What’s the point of a web series?

Abbi Jacobson knows from personal experience that making one can be artistically freeing. She and Ilana Glazer are the masterminds behind Broad City, a comedic web series they started four years ago about two young women’s misadventures in New York City. Jacobson likens the process to being a painter doing her own work rather than a commission. A web series comes with the freedom to do whatever you want. For example, opting out of getting paid via YouTube’s ad program even meant Broad City used whatever music its creators wanted, without worrying about licenses.

“The fact that there’s no money in a web series means that artistic integrity can stay in place,” says Glazer. “People aren’t censored and there aren’t any restrictions or guidelines.”

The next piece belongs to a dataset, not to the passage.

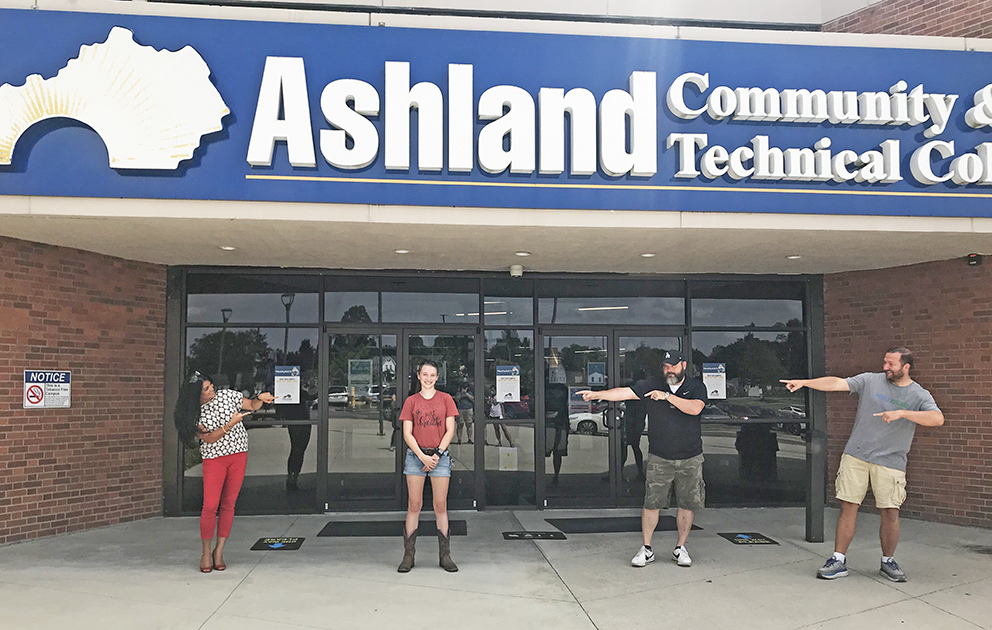 Four people smiling and standing outside of a college building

But does that mean making a web show is better than making a TV show? No. Broad City has made that jump — the first TV episode premieres on Comedy Central on Jan. 22, with the backing of big-name executive producers like Amy Poehler — and its creators are, says Glazer, “freaking out.” (In a good way.) Part of that positivity comes from the amount of control Comedy Central has left in the hands of the comedians, who also star in the show, but it’s also a reminder that even as the Internet becomes a breeding ground for innovative TV-ish shows, TV  — and what can be done when there’s money behind a show — is still tops.

(MOREEd Helms’ Three Favorite Web Series)

So is the point of a web series to get a TV show? Broad City isn’t the first Comedy Central show that grew out of online video — another example is Workaholics — and there are certainly reasons a web series creator would want that to be the result of her efforts.

“It’s changed our lives. For so long I was working a day job I didn’t care about or that was not what I wanted to be doing with my life, and now I’m doing exactly what I want to be doing,” says Jacobson. “I have to remind myself that that’s the ultimate goal, to be loving what you get paid to do. Everything pretty much changed.”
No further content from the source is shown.